Today my family has survived too much grief this last decade. Things were obviously coming to a head with the COVID19 pandemic, my health decline with COVID, and then James’ health decline with CMML Leukemia, and God knows how COVID played a part. That virus hit all five of us. Too many friends, who were loved, dying too since this pandemic hit. So much sorrow and loss.
The next day, a year ago, he was put on life support. Every machine I have ever seen attached to his body to help him survive. I didn’t realize it, but I have significant PTSD from all this: Leukemia. Life support, fighting for his life and being told he would not make it a year ago.
Losing weak friends that could not cope with my stress. Oh, the irony of that one. Dealing with one who used me horribly for their own ego and gains. Oh, the heartbreak of being used. My own health decline and changes, my evolution as an activist, and our family vanishing due to judgment and prejudice.
Our always hunting for the “rainbow railroad” to keep us safe. Our moving four times since 2012, chasing James’ employment and searching for unprejudiced medical help. The loss of financial security due to my disability and now his losing his lifelong career. To somehow exist on disability payments, raising our kids at the same time.
Having to live at the hospital an accumulation of three months fighting for his life, and my health declined, as I fight for his health. Surrender to a fancy electric wheelchair again and muscular dystrophy crutches. Not a choice, an action that had to be done to keep me moving.
This is on top of having young adult children taking on too much adult pressure to make the family budget, by having to go to work, on top of their own mental health issues with dealing with it all. Their own young relationships and dysfunction piling up on them too.
The cherry on the cake: my accepting my scholarship to go back to school to become what needs to become: Master of Divinity. Doing this while significantly disabled. With the American Disability Association at my side. Hand and hand being loved and supported by strangers that believe in me.
It is pure faith that drives me forward. Faith for me is now a VERB and action word. It has very little to do with the ugly convictions related to any world religion that has hurt so many of us LGBTQIA+ people. That form of Christianity has crushed some of my atheist friends. Those “christians” with a lower case “c” that abandoned me/us. Jesus is someone they truly do not even recognize if he were standing right before them. Only a capital letter to those who know how to be Jesus.
Most insist faith is a noun. I think it is because they have never had to live in faith. They never had to “Run” with it, “breath” it, immerse themselves, as I am right now, with the action of having faith move through my veins and very soul. While stuck, always, in the middle of an ocean. Depending on the waves, the tide, to get me where I need to go. To be taken care of miraculously, always. Somehow.
Faith, to me, is moving forward when most would have folded. But I am not a hero. I simply did not end my life. When I wanted to end the pain and the constant societal abuse. Believing somehow that good wins and evil loses. Because there were those who still stand by me with their own faith. When we are surrounded by so much darkness. Signs all around me that Good wins and evil loses, always.

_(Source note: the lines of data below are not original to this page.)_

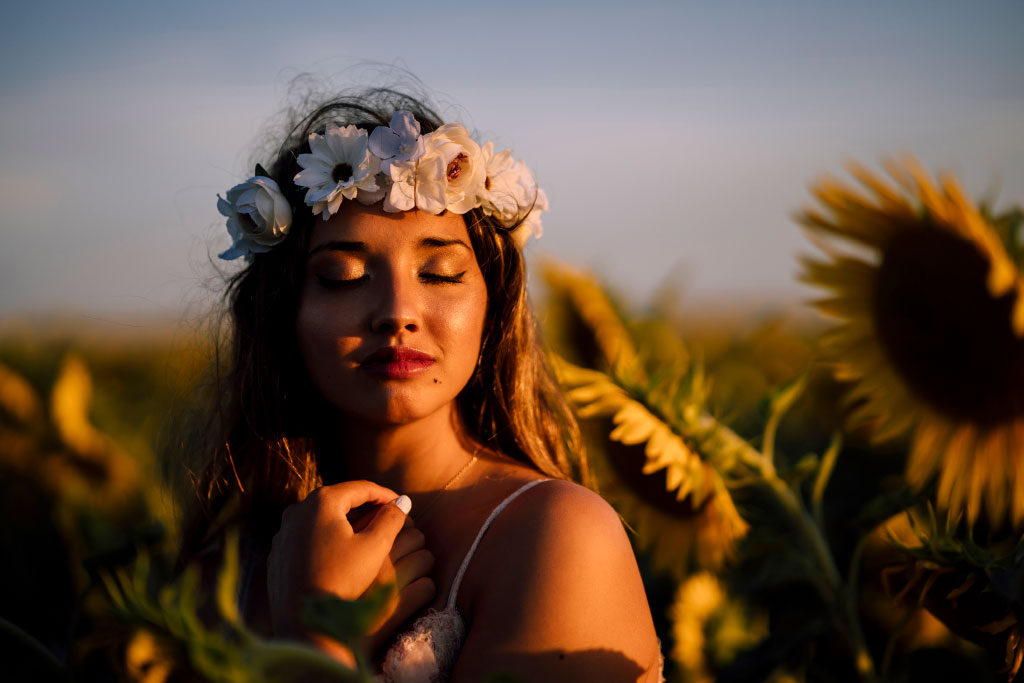 Fotografía con luz natural dura de mediodía que crea sombras marcadas y contraste gráfico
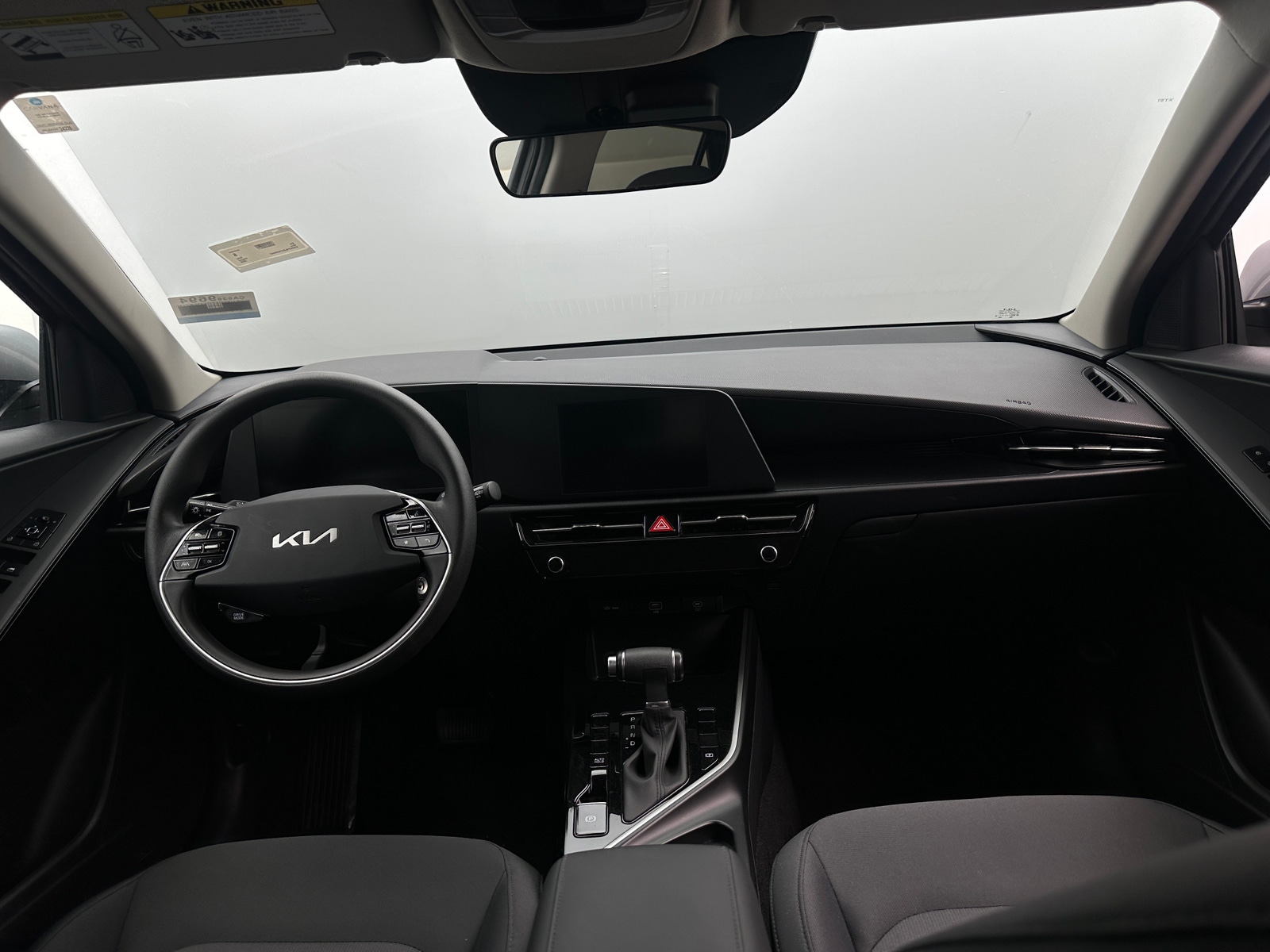 Thumbnail: 2026 Kia Niro - 3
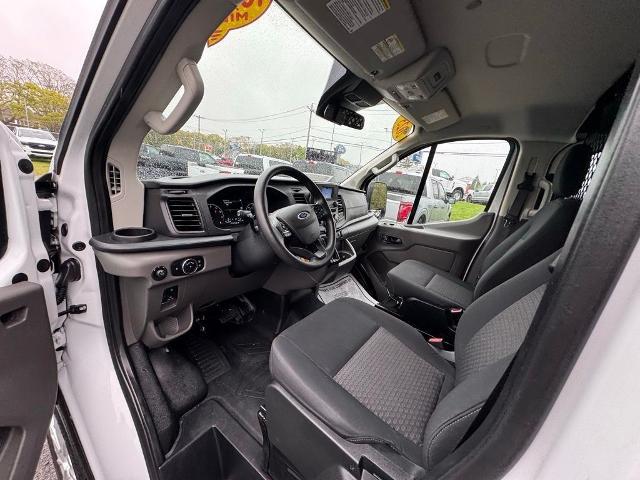 2025 Ford Transit Cargo Van Base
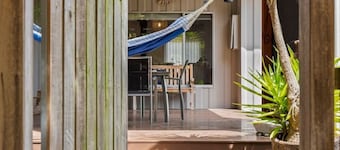 The Shack- Fireplace, walk to beach, pet friendly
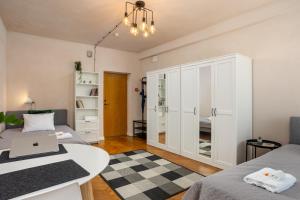 Gallery image of 1800 by Vince Stay - Private Rooms in Town Hall Square in Tartu +31 photos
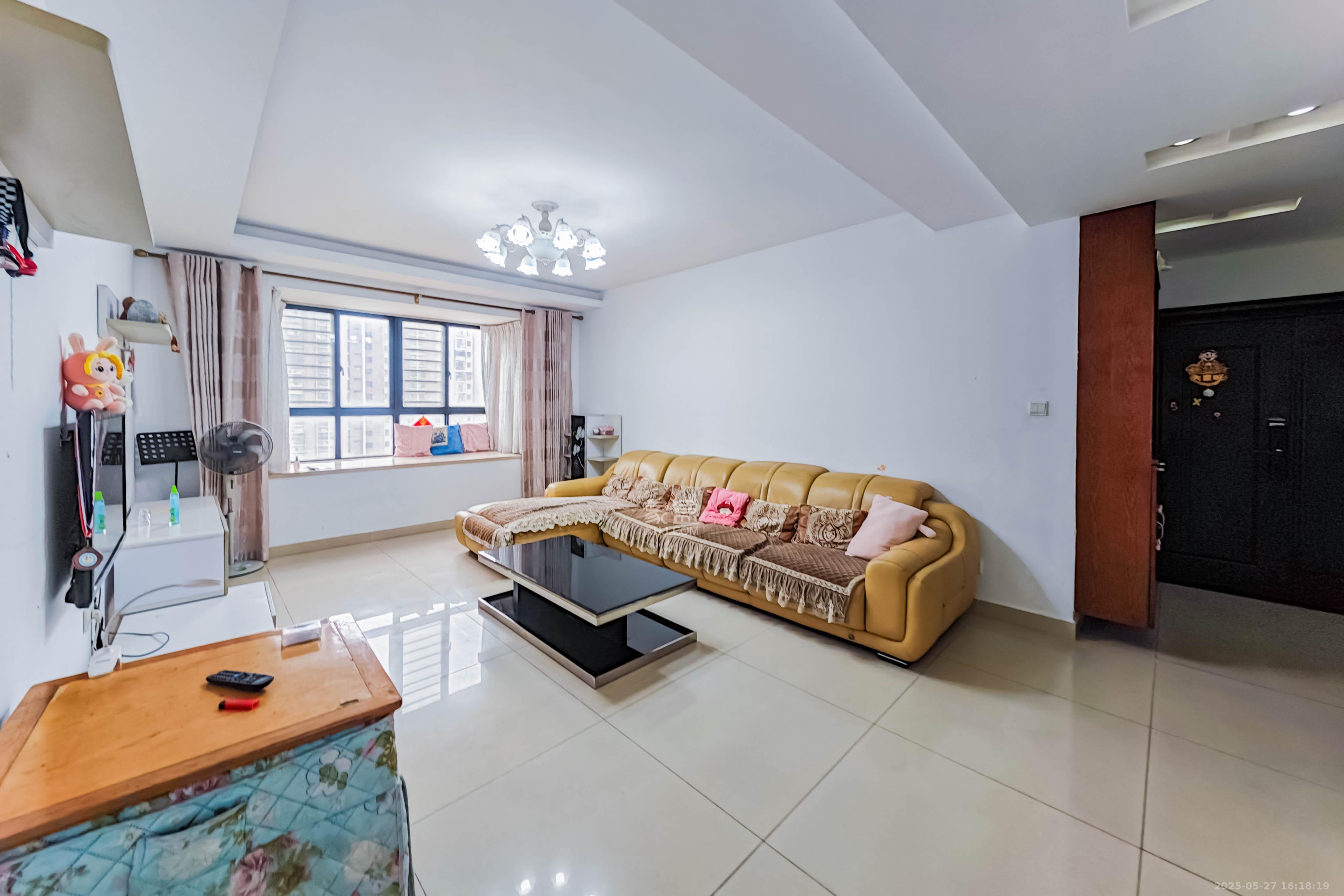 海拔东方 1室2厅1卫 99.8万 海拔东方 1室2厅1卫 99.8万客厅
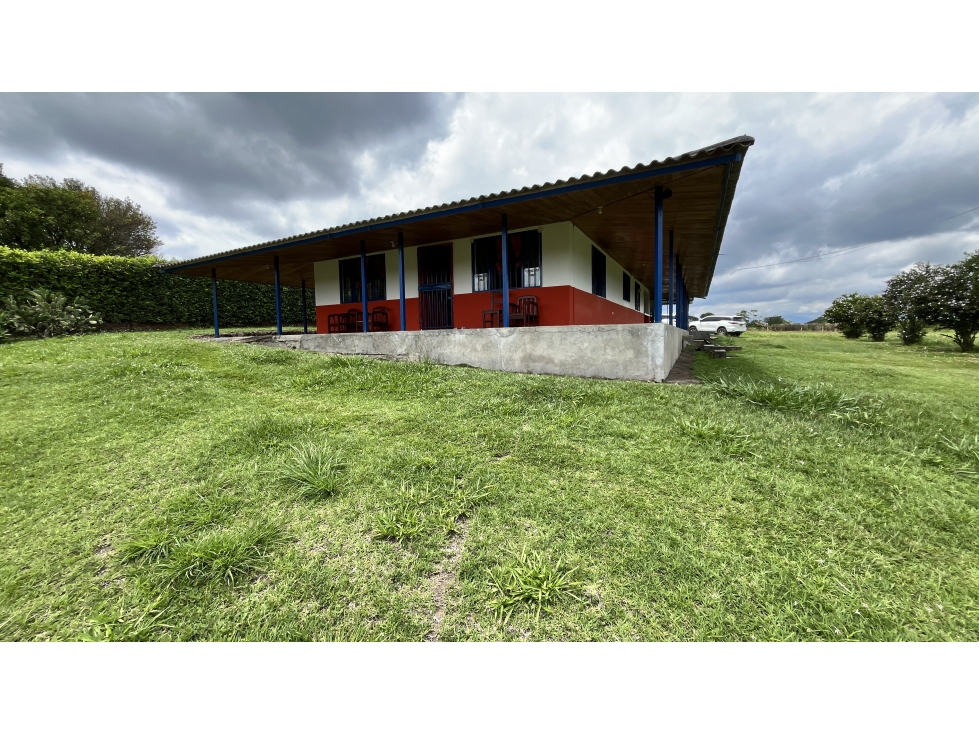VENTA DE ESPECTACULAR LOTE EN MONTENEGRO, QUINDÍO, COLOMBIA - 2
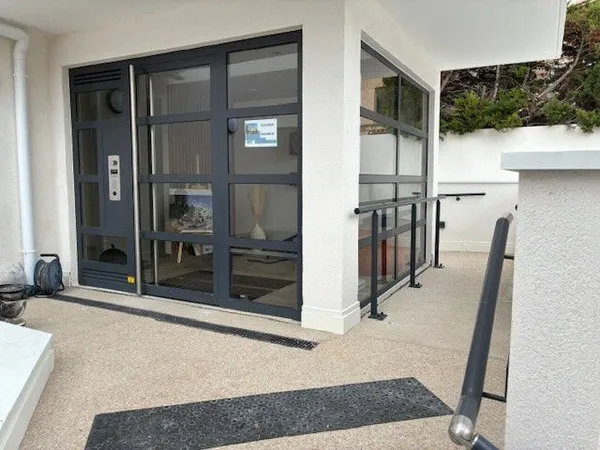 Appartement T2 avec belle vue dégagée sur le Rocher de Vitro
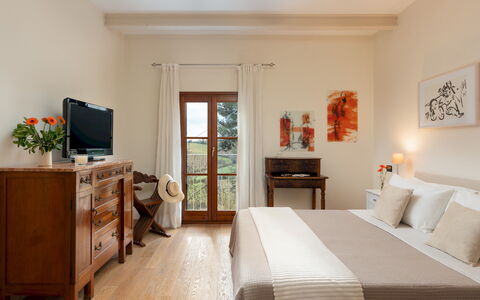 Casa da Sogno 12: Möbel, Interior Design, Flooring, Fussboden, Holz, Decke, Zimmer, Bett, Schlafzimmer, Beleuchtung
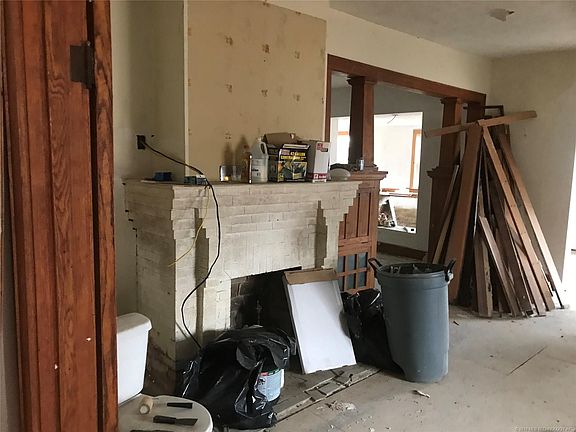 5th image of 210 N McCloud Ave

Tears fall this morning before the sunrises; faithfully again. The sun rises in faith, a verb. A flying animal set off motion detectors visiting early this morning. I assume an angel, an owl. A review of the film showed a fluttering light of hope.
Please give me the strength to move forward. Please give my husband and kids the power to move forward and do the next right thing to survive this all with grace and no more darkness in their hearts. Lift the rage of loss.
Amen, to all higher power(s) that I know proved that there is love and care. Thanks to the “Rainbow Railroad” that has kept us safe.
Thank you for helping our family. All of you. In Faith.
The Velveteen Rabbit says it best:
“You become. It takes a long time. That’s why it doesn’t happen often to people who break easily, or have sharp edges, or who have to be carefully kept. Generally, by the time you are Real, most of your hair has been loved off, and your eyes drop out and you get loose in the joints and very shabby. But these things don’t matter at all, because once you are Real you can’t be ugly, except to people who don’t understand.”
2 thoughts on “Surviving Years of Pure Hell with Faith, a verb.”
Wow! PTSD is understandable. A Unitarian Universalist minister once told me, “God is a verb, and that verb is love.” I’ll be sending you love.
Wow, yes I agree. God is a verb too, because that verb is love. Thank you for being the messenger of that.